Les analystes de marché parient sur la sortie de la Grèce de la zone euro

Par latribune.fr  |   |  733  mots
"Qu'est-ce qui coûte le plus cher? Le Grexit ou le maintien de la Grèce dans zone euro? telle est la question à laquelle l'Europe doit répondre", explique Ciaran O'Hagan.
La majorité des stratégistes estiment que la situation financière grecque et la victoire du non au référendum ne permettent plus d'envisager le maintien de la Grèce dans la zone euro. Ils attendent du sommet européen prévu mardi soir, des décisions "courageuses"...

La sortie de la Grèce de la zone euro est devenue lundi le scénario central d'un certain nombre de grands intermédiaires financiers, au lendemain du "non" massif des électeurs grecs au compromis proposé par les créanciers d'Athènes (FMI, BCE et UE) pour régler le problème de sa dette.
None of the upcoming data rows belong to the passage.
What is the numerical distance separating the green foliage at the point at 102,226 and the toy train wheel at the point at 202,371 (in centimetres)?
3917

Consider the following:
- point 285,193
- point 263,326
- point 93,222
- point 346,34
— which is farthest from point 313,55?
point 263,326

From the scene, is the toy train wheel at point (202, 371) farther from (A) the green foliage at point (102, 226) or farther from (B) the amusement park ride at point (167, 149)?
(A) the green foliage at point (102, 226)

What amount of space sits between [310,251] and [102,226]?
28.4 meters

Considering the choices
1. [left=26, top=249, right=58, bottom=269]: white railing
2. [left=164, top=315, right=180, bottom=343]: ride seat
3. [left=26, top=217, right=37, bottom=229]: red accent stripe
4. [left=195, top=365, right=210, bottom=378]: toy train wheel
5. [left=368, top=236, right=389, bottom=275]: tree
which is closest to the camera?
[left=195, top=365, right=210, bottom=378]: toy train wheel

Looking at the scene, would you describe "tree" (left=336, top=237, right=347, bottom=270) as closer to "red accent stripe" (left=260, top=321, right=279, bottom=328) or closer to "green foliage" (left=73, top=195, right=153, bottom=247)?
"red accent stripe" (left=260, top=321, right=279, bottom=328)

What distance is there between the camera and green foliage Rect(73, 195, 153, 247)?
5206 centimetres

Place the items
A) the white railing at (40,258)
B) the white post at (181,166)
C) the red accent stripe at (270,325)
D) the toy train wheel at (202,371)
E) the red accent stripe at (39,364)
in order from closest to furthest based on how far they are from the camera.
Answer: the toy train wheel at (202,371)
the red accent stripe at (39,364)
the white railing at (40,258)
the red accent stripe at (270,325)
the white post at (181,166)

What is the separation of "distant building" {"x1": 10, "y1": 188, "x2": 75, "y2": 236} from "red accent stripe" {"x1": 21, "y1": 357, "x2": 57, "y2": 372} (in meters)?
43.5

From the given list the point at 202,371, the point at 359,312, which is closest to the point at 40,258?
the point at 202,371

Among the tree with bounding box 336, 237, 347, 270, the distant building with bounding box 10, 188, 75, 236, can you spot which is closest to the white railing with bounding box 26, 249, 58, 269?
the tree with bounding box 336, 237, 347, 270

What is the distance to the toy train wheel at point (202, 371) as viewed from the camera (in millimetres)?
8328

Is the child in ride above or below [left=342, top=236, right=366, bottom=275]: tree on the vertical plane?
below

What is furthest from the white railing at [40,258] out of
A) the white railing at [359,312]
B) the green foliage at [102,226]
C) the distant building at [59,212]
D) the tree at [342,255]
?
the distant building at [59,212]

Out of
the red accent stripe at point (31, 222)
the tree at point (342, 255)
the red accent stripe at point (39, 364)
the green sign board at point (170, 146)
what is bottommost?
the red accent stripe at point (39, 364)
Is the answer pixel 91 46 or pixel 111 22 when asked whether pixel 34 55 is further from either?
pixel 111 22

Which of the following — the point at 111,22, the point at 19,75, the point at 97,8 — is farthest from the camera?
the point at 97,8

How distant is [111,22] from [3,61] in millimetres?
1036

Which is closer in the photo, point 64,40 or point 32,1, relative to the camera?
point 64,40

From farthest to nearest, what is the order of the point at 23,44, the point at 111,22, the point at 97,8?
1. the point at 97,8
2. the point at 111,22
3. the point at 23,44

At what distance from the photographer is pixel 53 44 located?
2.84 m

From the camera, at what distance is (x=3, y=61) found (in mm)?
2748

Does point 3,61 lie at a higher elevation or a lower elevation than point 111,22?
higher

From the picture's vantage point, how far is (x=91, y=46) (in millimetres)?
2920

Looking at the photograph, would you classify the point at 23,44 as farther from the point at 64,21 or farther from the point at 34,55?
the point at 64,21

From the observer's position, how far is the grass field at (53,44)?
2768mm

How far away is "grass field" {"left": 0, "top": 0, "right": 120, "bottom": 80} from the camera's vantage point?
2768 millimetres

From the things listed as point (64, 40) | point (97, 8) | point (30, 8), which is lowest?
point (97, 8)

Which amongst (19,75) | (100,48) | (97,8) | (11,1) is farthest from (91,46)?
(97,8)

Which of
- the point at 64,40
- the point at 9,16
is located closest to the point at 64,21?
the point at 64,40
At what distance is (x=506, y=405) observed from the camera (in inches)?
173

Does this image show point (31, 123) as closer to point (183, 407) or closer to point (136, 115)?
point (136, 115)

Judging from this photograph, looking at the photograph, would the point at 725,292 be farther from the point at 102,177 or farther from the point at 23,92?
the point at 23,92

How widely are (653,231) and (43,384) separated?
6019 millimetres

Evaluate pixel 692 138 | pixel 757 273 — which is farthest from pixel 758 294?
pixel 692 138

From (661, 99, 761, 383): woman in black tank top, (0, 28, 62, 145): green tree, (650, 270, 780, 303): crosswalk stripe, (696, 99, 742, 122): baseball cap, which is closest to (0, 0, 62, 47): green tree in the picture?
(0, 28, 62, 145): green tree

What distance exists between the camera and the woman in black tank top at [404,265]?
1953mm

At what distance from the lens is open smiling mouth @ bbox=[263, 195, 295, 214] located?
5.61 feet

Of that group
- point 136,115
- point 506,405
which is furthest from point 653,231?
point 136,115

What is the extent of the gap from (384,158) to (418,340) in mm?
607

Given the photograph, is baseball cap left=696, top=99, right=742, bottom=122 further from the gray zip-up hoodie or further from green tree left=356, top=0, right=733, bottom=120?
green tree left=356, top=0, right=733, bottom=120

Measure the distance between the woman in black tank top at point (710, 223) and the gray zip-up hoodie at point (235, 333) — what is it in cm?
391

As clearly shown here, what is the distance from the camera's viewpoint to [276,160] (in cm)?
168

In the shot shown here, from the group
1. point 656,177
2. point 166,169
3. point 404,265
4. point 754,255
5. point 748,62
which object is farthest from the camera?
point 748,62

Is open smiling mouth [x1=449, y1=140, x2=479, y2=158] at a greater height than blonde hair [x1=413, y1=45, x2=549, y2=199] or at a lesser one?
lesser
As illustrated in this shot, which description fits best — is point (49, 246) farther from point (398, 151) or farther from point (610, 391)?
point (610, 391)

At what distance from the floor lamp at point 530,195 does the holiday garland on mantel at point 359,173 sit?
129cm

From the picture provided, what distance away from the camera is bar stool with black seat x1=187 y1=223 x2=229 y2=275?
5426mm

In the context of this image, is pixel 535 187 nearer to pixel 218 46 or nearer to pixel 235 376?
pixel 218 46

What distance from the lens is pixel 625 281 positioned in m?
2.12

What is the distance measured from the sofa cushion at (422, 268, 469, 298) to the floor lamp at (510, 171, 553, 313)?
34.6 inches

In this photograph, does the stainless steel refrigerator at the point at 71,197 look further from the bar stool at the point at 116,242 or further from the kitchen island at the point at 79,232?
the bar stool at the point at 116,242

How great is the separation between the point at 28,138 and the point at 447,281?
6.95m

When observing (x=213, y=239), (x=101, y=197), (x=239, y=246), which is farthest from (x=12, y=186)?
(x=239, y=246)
Désormais, les acteurs des marchés financiers ont les yeux rivés sur les dirigeants européens dont ils attendent des décisions "courageuses".

"La principal question qui se pose aujourd'hui c'est de savoir si les autorités de la zone euro auront le courage de demander à la BCE de couper l'ELA (Assistance de liquidité d'urgence)", écrit Ciaran O'Hagan, responsable de la stratégie taux en zone euro à la Société générale.

La réponse à cette question, s'il devait y en avoir une, devra attendre mardi soir la fin du Sommet de la zone euro, qui aura été précédé dans la matinée d'une réunion des ministres de l'Economie de la zone.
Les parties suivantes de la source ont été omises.